For crickets, remember, crickets can't scale the face of a smooth plastic cup, but Creos can. So, with a little design work, you can have space for the crickets at the bottom to hide, and opportunities for the creos to adventure down to pick them off. This works well with considerably smaller crickets.

If using deli cups, consider Humidity Foam at the bottom. A good drenching sould last you 3 or 4 days, assuming they aren't baking under a heat lamp. If you DO use heat lamps, put them on a timer.

But, if possible, skip all this and just find a good bug-sitter.


----------



## Mantiskid (Jan 1, 2012)

Thanks for all the help. I ended up just leaving some FFs in each enclosure, which worked out fine.However, I did find a lot of dead flies in the containers when I came back from vacation. Any suggestions for keeping the flies alive longer?


----------



## twolfe (Jan 1, 2012)

Did you put a culture in the enclosure or just the flies? How long were you gone?
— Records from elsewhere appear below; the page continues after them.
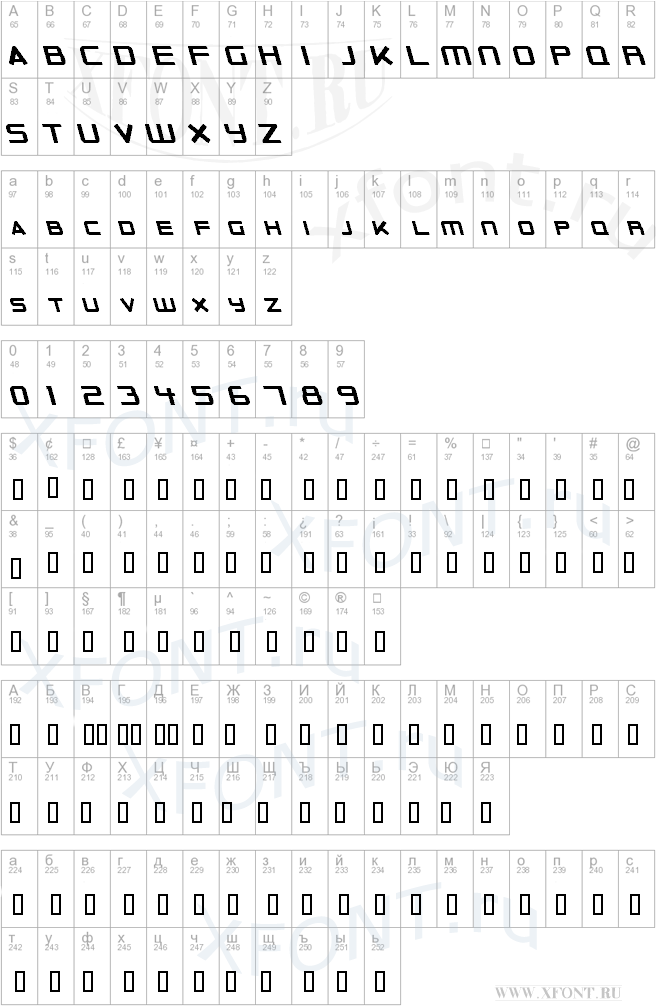 шрифты Outer Limits Solid Italic Outer Limits Solid Italic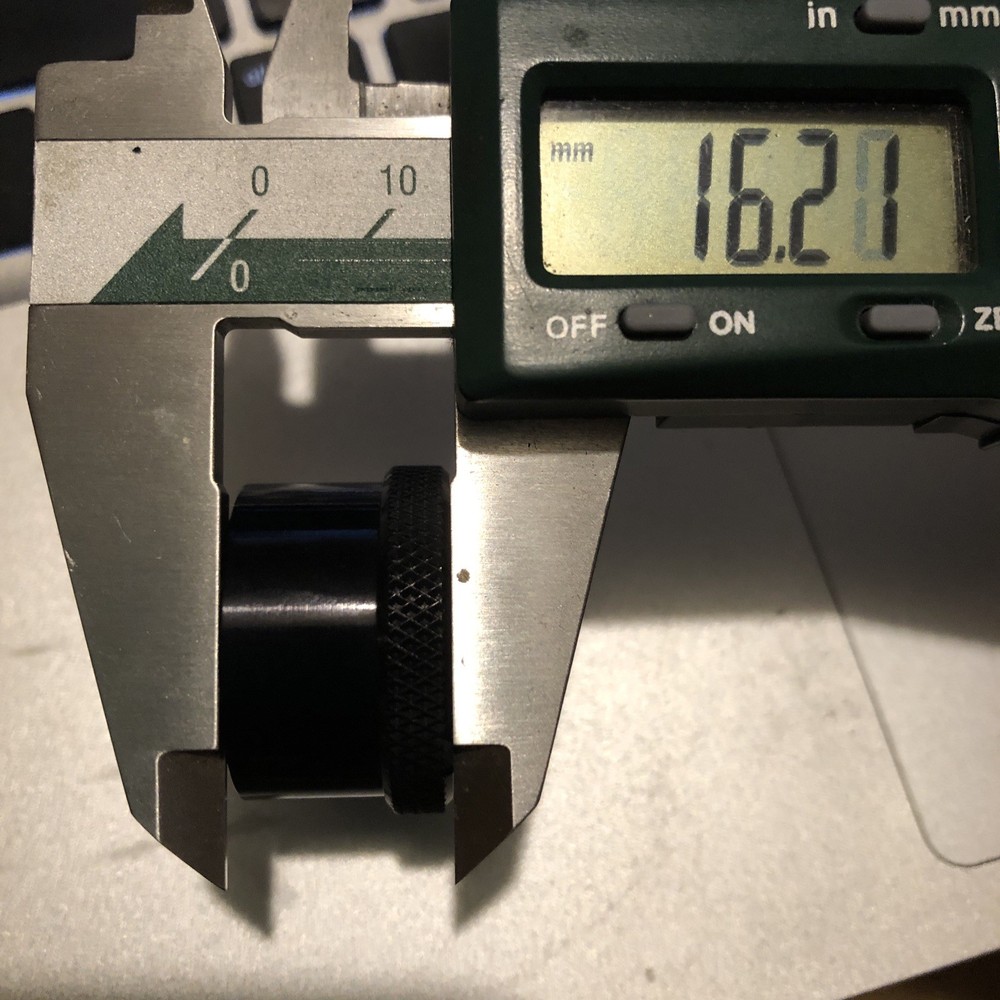 Hoffman Modulation Contrast Condenser Insert 40X - 25mm Diameter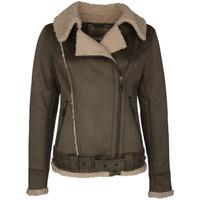 dreimaster motorbike jacket 35434988 womens jacket in green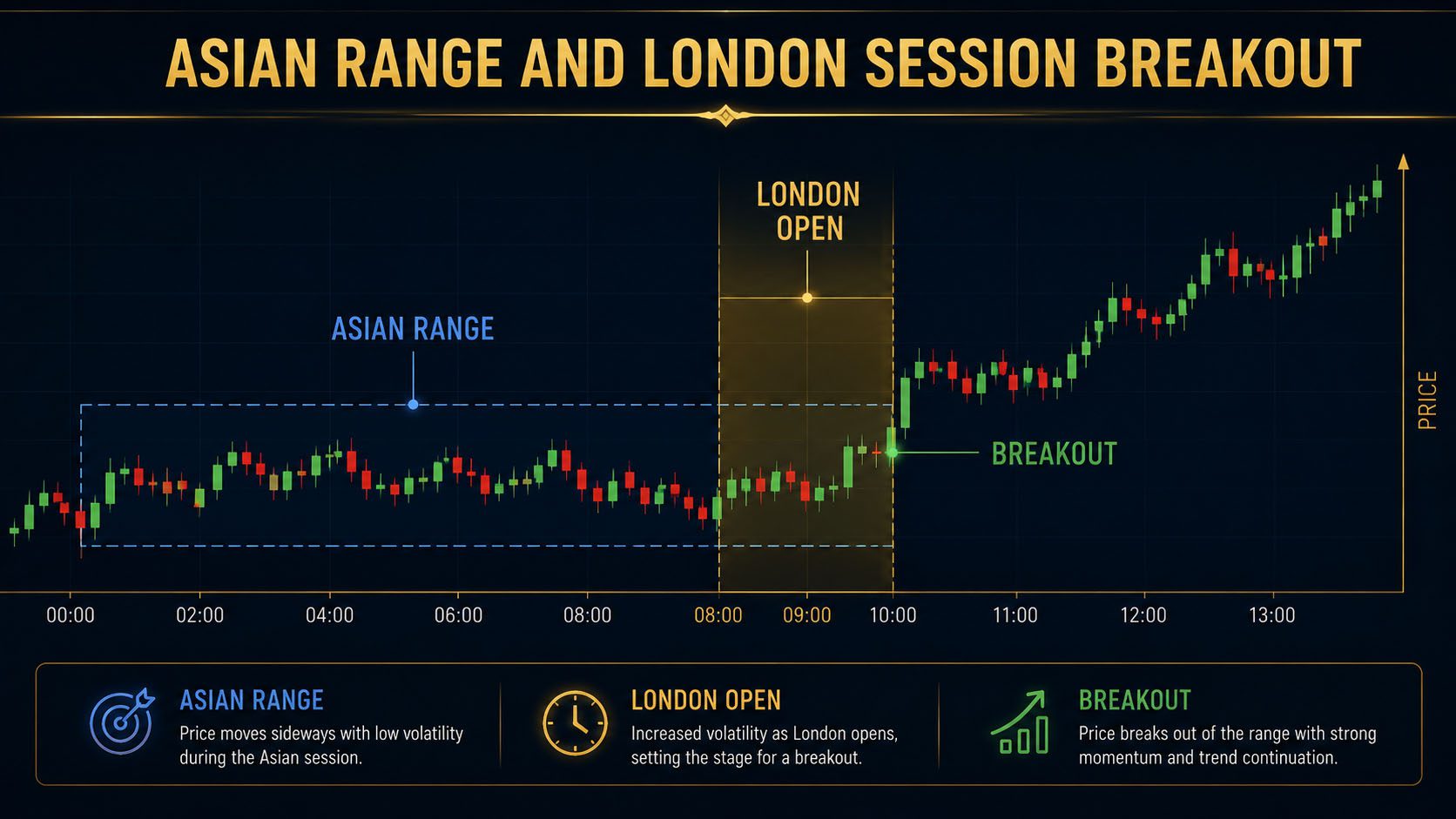 Asian and London Trading Sessions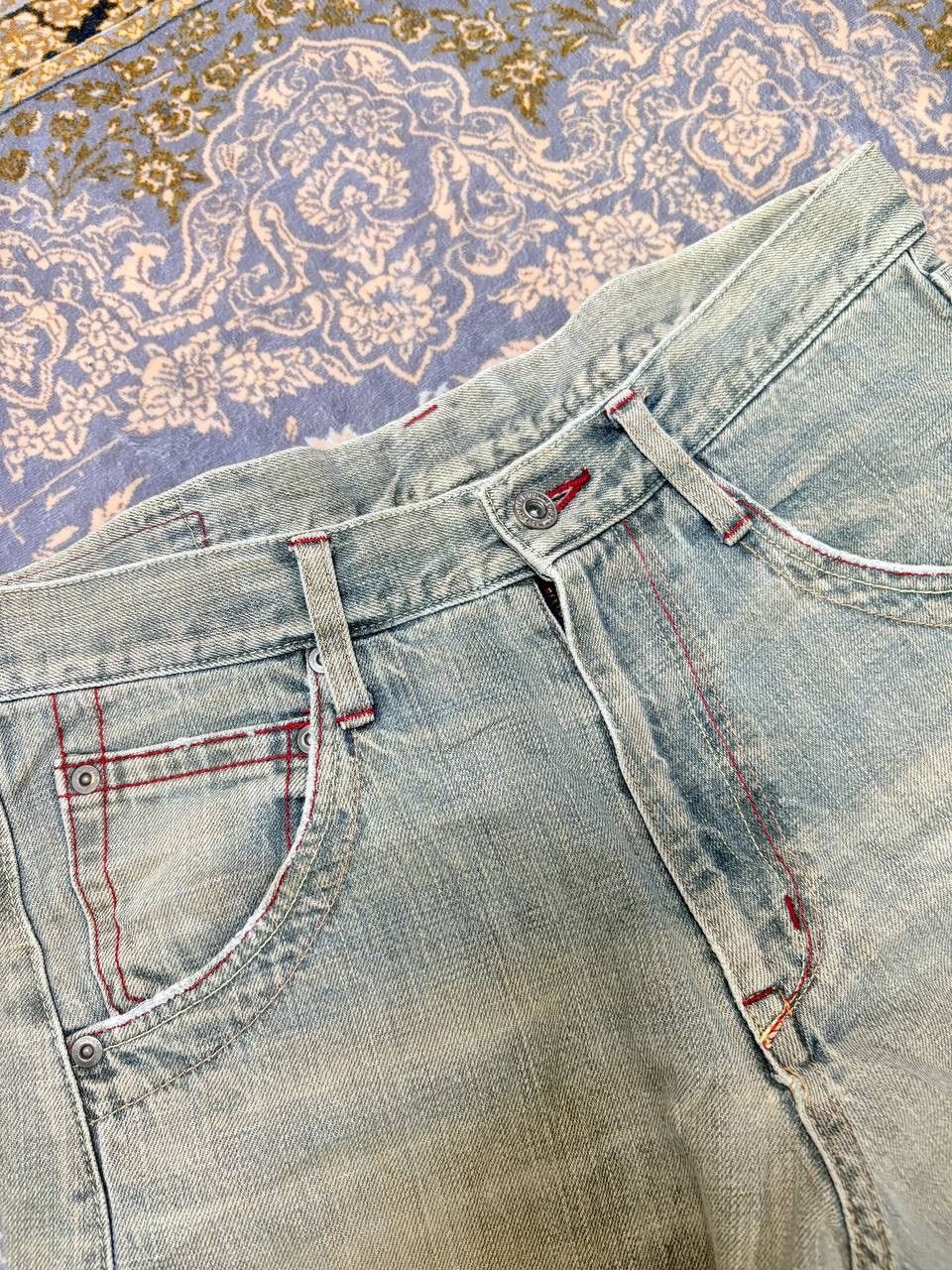 Designer × Vintage × gomme Vintage Gomme H 2006 Spring-Summer Collection Jeans Size US 33 - 7 Thumbnail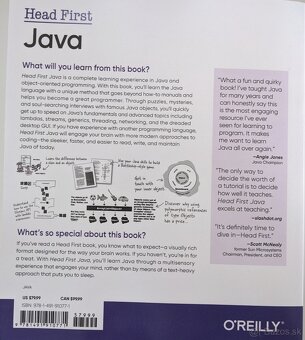 Head First Java 3rd edition Java 8-17 O'Reilly - 2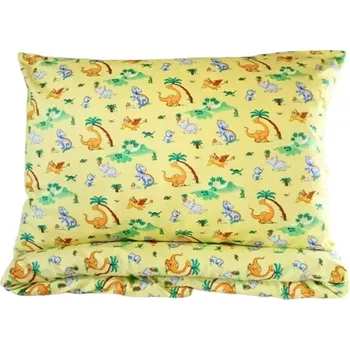 Povlečení Tibex povlečení Dino bavlna 100x135x 40x60 cm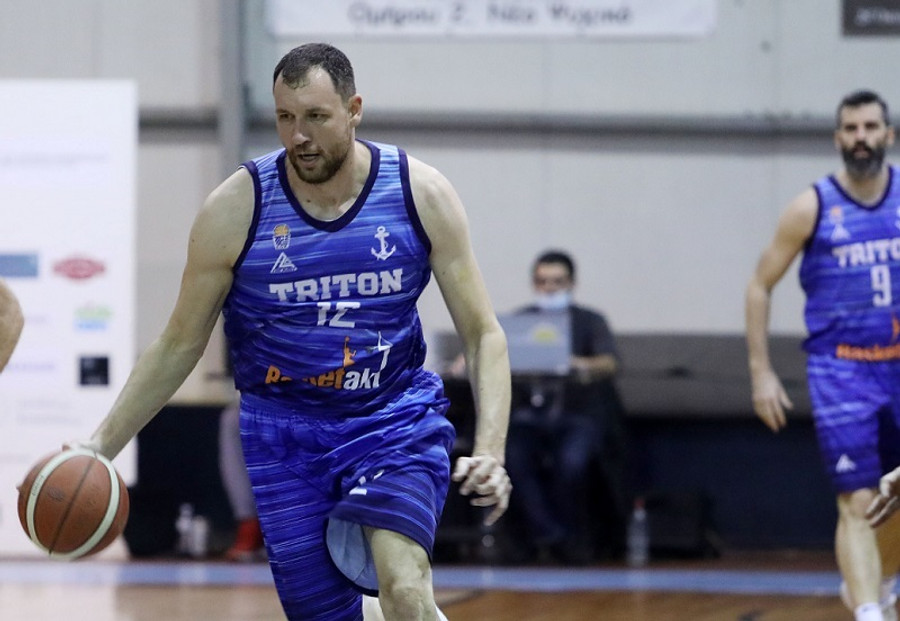Κόροιβος-Τρίτωνας 97-100: Στην παράταση πήρε το ντέρμπι ο Τρίτων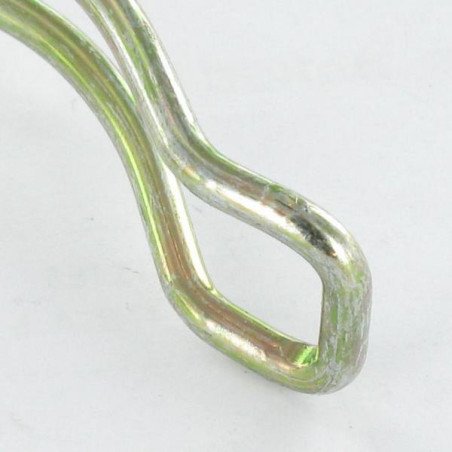 1 x Pin clips 10X40 voor Buis Bichromaat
I create smaller cultures for when I'm going out of town. Instead of leaving the lid off, I cut a small hole in the cloth lid so that the flies can come and go. I create them in advance so that I have larvae, pupae and flies in the cultures so that more flies will hatch while I'm away.


----------



## Mantiskid (Jan 3, 2012)

Tammy Wolfe said:


> Did you put a culture in the enclosure or just the flies? How long were you gone?


We were gone for about 3-4 days.And no, I didn't put a culture in the containers.I don't think I could fit one in the enclosures, either, because I'm keeping the Mantids in deli cups.

P.S. What is the "recipe" for the stuff that you put in the Fruit Fly cultures?


----------



## twolfe (Jan 3, 2012)

http://mantidforum.net/forums/index.php?showtopic=7715&amp;st=0

Here's a link to a discussion on ingredients. I use both commercial mixes and make my own.

The full established cultures I add are to the net enclosures. However, I do add little sample cups with some food for the fruit flies in them for shorter trips. I make a small hole in the lid for the flies to go in and out. It works well unless they are under a heat lamp. Then they often dry out too fast.


----------